You’ve probably, by now, perused the famed subreddit WallStreetBets and maybe some of the others that talk about short squeezes in stock trading. If you haven’t, you should. Or maybe you shouldn’t. Not if you’re faint at heart anyway. (You’ll read some profane things you can’t unread. LOL.)
Short Squeezes in Stocks
One of the things you’ll come across is people saying “HODL” and “To the Moon.” To understand these phrases requires a little history of the WallStreetBets subreddit.
This stock trader thread started a few years ago and comprised mainly young irreverent folks (like most of Reddit) who, yes, were interested in stock trading; but more so were interested in sticking it to the man. The premise was there are these “evil” money managers who force companies out of business by aggressively shorting their stock. And this bunch took it upon themselves to fight them — and on their own battlefield to boot.
They’d find a company that, in their opinion, didn’t deserve to be punished in this regard, that “had a chance” of a turnaround. And they’d ban together and buy the stock relentlessly, forcing the short sellers to cover, thereby creating a short squeeze.
To address this first fallacy, the stock and financial health of a company are related only in theory (though there’s typically some correlation). If a stock goes to $0 but the company is still making money and can pay its bills and staff, it’s not going out of business. And if someone is short enough of a company, they probably have done some research and have good reason to believe the company is poorly managed and overvalued.
HODL and To the Moon
Now back to HODL and To the Moon. HODL is this crazy acronym that means “hold” your stock (derived from a spelling error on a meme) and don’t sell under any circumstances. I guess we can just start with that one. Frankly, that’s the dumbest thing I ever heard. That concept is the opposite of smart trading. The Market Taker Mentoring approach is that the moment you put a trade on, you have in motion the plan to exit. This is Trade Management 101.

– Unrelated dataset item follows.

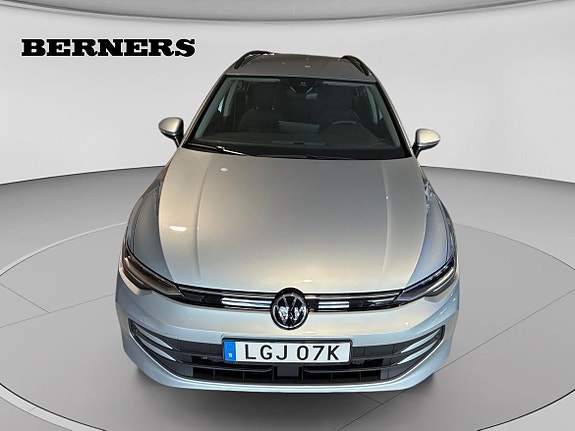 Volkswagen Golf VIII 4 of 14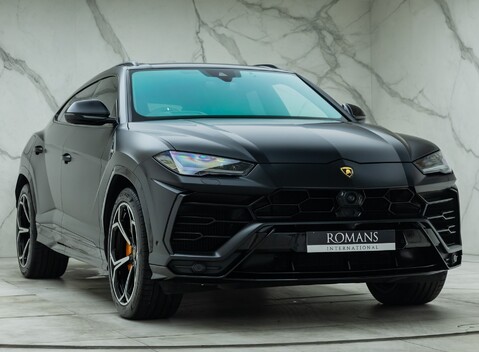 Lamborghini Urus 9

Now this To the Moon business. That is a mantra used by traders long a stock or deltas in belief that the stock will rise and rise forever — “to the moon.” Let me tell you, the moon is just too darn far away for me. I’d joke sometimes in my in-person trainings when I was on the tradeshow circuit, “They tell me stocks can rise to infinity, but I’ve never seen it happen.” And I’ve never seen it rise to the moon either, for whatever that means.
Trade Management Plan
Knowing it doesn’t make sense to HODL indefinitely (forever?) and that stocks can’t rise to infinity or to the moon or whatever silly colorful idiom you want to use, smart traders have plans. The only way to lock in a profit—and protect yourself from not seeing that profit reverse and become a loss—is by closing the trade. That’s it. Nothing else makes sense.
Granted, “closing the trade” may mean converting a long delta position that worked out into a flat delta position by doing some sort of adjustment. It could mean “scaling out” by taking off part now and keeping some on for later. It doesn’t have to be so cut and dried to take it off completely. But it does require locking in that profit in some form or another. This is what good management is. That other stuff is just plain tomfoolery. The best way to take your portfolio to the moon is to forget about that other business, stick to your plan and watch it grow.